Collection
Revolutionary Words
The words of the American Revolution are very much alive today. When Americans consider the nation’s founding, our discussion rarely revolves around battles, but turns instead to pamphlets, propaganda, and protest; the lofty phrases that inspired the masses, and the detailed arguments used to justify independence. For generations, we’ve memorized the Founders’ famous quotations in school, recited them in our civic commemorations, and invoked them regularly in our political discourse. We pick apart the nation’s founding documents to try to understand what the Founders intended them to mean at the time, and contemplate what they mean for our law, public policy, and social identity today. At the same time, some of the phrases we attribute to the Founders may not have ever been written or uttered by them. This collection of contemporary writings about quotations and catch-phrases from the revolutionary lexicon prompts us to take another read.
William Hogeland doesn't "think the Continental Congress that issued the Declaration of Independence brought forth, on this continent, a new nation, let alone a nation dedicated to a proposition, let alone the proposition that all men are created equal." Or at least they did not intend to.
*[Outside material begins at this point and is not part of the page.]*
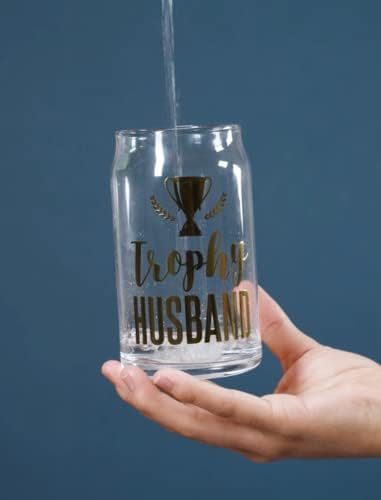 Lata de cerveja do marido troféu com letras douradas | Glassware de barra de barra | 15 onças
He makes the case that the Founders "didn’t have the ideals we wish they had," and that such a nation finally came about through Abraham Lincoln's interpretation of the Declaration.
"On the right to bear arms, the founders did not say what they meant, and did not mean what they said," William Hogeland argues. Madison wrote the Second Amendment with a deliberately weak and unclear sentence for the sake of the politics of the moment, to pacify his allies and deceive his opponents so everyone thought they won. We are still living with the consequences of his word choice today.